Source records:
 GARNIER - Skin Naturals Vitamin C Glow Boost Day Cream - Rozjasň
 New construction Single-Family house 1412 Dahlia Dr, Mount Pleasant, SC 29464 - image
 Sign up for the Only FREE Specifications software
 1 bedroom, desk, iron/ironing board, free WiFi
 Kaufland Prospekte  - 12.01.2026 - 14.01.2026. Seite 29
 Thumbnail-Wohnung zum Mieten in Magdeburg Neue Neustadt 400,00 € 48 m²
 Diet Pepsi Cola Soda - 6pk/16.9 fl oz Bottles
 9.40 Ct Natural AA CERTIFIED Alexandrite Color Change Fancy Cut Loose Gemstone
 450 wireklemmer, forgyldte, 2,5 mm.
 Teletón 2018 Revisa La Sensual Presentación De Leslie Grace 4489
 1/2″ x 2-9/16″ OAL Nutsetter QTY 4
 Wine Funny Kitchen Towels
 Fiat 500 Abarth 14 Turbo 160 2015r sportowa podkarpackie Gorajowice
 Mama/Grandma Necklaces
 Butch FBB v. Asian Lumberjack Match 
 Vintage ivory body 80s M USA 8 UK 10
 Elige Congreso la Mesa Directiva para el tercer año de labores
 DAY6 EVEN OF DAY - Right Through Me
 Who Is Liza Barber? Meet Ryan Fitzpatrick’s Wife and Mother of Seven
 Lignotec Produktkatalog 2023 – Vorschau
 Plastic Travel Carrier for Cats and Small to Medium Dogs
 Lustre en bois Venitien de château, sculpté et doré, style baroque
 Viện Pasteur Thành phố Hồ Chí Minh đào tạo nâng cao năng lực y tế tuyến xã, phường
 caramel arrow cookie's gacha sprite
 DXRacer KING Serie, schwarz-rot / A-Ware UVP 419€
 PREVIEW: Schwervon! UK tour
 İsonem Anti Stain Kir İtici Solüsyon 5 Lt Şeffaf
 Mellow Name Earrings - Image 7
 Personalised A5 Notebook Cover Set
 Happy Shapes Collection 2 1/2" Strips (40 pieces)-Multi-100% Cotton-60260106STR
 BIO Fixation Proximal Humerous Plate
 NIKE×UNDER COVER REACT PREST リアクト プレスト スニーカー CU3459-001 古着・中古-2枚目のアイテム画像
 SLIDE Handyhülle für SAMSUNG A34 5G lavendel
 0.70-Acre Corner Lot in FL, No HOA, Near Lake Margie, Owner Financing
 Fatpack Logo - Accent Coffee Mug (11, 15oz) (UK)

Work to complete:
Your task is to restate, word for word, the lines from the beginning of the records to the line with "14.01.2026. Seite 29", inclusive.

Result below:
 GARNIER - Skin Naturals Vitamin C Glow Boost Day Cream - Rozjasň
 New construction Single-Family house 1412 Dahlia Dr, Mount Pleasant, SC 29464 - image
 Sign up for the Only FREE Specifications software
 1 bedroom, desk, iron/ironing board, free WiFi
 Kaufland Prospekte  - 12.01.2026 - 14.01.2026. Seite 29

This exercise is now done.